Editorial note: Certain information has been redacted from this judgment in compliance with the law.

 

THE REPUBLIC OF SOUTH AFRICA

IN THE HIGH COURT OF SOUTH AFRICA

(WESTERN CAPE DIVISION, CAPE TOWN)

 

Case. No.:3639/2024

 

Hearing on 8 March 2024

Judgement on 18 March 2024

 

In the matter between:

DANIEL WOUTER VENTER First Applicant

MELANIE CHRISTINA VENTER Second Applicant

and

JOHANN ELS

AND ALL THOSE HOLDING TITLE UNDER First Respondent

STELLENBOSCH MUNICIPALITY Second Respondent

 

This judgment was handed down electronically by email circulation to the parties’ legal representatives’ email addresses.

 

____________________________________________________

JUDGMENT

____________________________________________________

SLINGERS J

 

Introduction

[1] This application was instituted on or about 21 February 2024 and was enrolled for hearing on the urgent roll of 29 February 2024. On 29 February 2024 the application was postponed to 8 March 2024 together with a timetable setting out the further conduct of the matter.

[2] In this application the court is primarily required to determine whether it was correctly brought as an urgent application in accordance with the provisions of Rule 6(12) and whether the provisions of section 14(2)(b) of the Consumer Protection Act, Act 68 of 2008 (‘the CPA’) overrides an early cancellation clause contained in a written lease agreement concluded between the applicants and the first respondent.

[3] The facts are mostly common cause and there are no material factual disputes which require resolution.
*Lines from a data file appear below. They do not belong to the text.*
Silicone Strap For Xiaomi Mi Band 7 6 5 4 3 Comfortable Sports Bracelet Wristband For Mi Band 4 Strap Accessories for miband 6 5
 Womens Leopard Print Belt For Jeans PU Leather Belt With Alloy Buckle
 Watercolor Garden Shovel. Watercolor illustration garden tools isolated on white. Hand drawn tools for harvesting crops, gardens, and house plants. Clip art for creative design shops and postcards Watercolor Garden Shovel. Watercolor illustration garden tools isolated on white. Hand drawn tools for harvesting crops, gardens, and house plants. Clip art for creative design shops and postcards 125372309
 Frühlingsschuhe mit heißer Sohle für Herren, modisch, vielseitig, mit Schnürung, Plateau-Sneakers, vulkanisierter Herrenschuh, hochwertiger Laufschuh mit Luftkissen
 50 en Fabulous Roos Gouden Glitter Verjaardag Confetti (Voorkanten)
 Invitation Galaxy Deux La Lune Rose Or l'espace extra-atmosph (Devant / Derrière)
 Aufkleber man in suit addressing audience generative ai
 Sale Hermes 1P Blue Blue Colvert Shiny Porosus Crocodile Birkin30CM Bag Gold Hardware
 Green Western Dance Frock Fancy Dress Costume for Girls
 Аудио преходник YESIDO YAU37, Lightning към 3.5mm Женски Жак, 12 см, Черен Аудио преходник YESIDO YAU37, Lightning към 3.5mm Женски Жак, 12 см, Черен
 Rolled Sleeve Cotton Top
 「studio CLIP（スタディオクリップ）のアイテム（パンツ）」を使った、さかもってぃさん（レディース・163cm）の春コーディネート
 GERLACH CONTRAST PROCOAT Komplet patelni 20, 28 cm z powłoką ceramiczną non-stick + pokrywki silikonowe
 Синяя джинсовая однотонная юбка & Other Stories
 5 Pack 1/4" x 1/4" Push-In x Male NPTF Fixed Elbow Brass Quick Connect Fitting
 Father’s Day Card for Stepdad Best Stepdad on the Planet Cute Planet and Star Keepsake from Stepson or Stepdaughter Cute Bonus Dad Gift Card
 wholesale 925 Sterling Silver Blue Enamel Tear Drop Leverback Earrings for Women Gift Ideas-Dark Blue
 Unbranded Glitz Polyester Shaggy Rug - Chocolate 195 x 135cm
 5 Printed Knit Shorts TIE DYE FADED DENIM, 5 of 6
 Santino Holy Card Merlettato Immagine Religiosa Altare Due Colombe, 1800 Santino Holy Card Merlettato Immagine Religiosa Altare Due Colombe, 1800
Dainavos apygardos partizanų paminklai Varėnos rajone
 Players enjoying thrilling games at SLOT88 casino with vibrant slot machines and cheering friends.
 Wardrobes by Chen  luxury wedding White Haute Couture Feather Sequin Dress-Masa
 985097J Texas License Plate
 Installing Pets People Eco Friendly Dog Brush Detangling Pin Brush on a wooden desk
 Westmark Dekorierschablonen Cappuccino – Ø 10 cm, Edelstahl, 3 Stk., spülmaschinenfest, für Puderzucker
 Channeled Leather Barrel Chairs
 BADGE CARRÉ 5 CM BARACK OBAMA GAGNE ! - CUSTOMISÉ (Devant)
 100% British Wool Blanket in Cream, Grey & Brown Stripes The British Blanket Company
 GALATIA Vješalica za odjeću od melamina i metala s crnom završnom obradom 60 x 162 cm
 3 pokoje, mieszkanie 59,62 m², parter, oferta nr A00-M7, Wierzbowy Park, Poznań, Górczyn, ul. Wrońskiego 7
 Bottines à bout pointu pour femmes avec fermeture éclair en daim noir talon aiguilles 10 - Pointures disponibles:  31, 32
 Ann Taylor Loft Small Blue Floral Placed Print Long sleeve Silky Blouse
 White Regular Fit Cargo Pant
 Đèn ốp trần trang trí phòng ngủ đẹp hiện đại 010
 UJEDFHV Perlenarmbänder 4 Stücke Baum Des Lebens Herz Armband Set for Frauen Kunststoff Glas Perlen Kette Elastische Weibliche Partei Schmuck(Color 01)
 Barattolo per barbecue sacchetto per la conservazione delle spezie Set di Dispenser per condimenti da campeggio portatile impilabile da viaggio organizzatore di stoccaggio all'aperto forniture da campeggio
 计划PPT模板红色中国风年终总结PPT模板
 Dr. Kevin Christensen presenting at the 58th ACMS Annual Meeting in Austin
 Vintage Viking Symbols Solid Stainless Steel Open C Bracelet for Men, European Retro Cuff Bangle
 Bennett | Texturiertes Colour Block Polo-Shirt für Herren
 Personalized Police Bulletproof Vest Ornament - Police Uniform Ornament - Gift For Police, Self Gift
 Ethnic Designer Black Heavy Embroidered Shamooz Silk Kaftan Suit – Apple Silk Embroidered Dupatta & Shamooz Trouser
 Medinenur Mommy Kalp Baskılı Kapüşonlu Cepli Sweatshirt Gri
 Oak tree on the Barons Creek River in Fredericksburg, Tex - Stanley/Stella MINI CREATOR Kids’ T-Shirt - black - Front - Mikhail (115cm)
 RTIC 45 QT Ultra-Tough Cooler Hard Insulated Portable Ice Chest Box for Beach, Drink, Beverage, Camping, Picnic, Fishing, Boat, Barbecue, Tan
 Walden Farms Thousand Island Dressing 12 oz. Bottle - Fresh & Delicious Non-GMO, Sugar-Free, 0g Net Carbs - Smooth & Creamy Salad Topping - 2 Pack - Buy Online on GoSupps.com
I set out the common cause facts below.

Facts

[4] The first applicant is a software engineer and the second applicant is a civil engineer. The first respondent is the group chief economist of Old Mutual Limited.1

[5] The applicants were the registered owners of immovable property described as Erf […],De Zalze Winelands Golf Estate, Stellenbosch (‘the property’).

[6] During 2018 the applicants moved to Australia but as they were not sure if this move was permanent, they agreed to lease out their property. During September 2020 the applicants and the respondent concluded a written lease agreement in terms whereof the respondent would lease the property from 1 December 2020 to 31 December 2023.

[7] During February 2023, the respondent approached the first applicant to renew the lease beyond 31 December 2023. At this stage the applicants had determined that their move to Australia was permanent and had resolved to sell the property. This was conveyed to the respondent. The applicants were reluctant to conclude a further lease agreement in respect of the property in light of their decision to sell same. They informed the respondent that any lease agreement would be subject to a three (3) month notice period. Although the respondent was desirous of a four (4) month notice period, he accepted 3 months. This position was recorded in clause 29.2 of the lease agreement which states:

The Landlord shall be entitled to terminate this Agreement on 3 (three) months written notice to the Tenant before termination date.’

[8] The monthly rental payable in terms of the lease agreement is R32 400.

[9] In furtherance of the applicants’ intention to sell the property, it was duly marketed during the last week of October 2023. Thereafter, the applicants concluded a sale agreement in terms whereof the property was sold. As the sale agreement made provision for the applicants to give the purchasers vacant occupation on 1 April 2024, the applicants gave the respondent notice to vacate in accordance with clause 29.2 of the lease agreement.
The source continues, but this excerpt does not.